## Work order
Reproduce the entries shown below only from the line with "Rosy Green Wool" down to the line with "hazelnuts are delicious", keeping both end lines and copying each one exactly.

## Extracted information
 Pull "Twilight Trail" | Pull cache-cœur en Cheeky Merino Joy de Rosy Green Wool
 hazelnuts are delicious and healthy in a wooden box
==
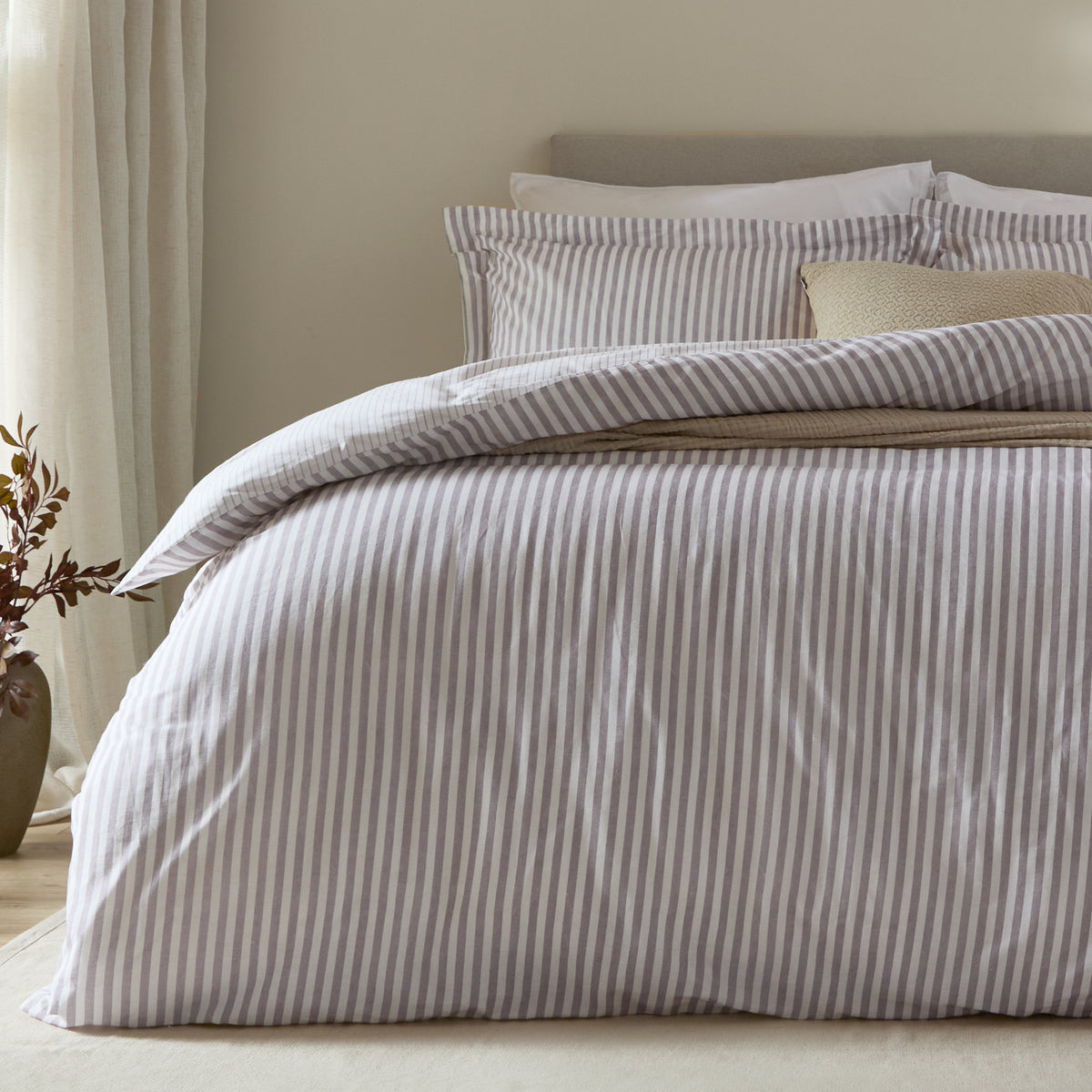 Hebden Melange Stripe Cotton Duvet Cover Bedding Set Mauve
* * *
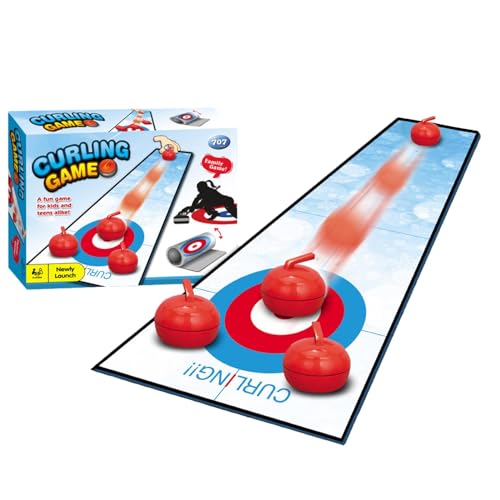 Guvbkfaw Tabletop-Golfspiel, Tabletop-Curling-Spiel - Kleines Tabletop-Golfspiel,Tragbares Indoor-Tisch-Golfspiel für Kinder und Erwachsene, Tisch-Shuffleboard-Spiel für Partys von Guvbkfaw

## Solution for this problem
 Pull "Twilight Trail" | Pull cache-cœur en Cheeky Merino Joy de Rosy Green Wool
 hazelnuts are delicious and healthy in a wooden box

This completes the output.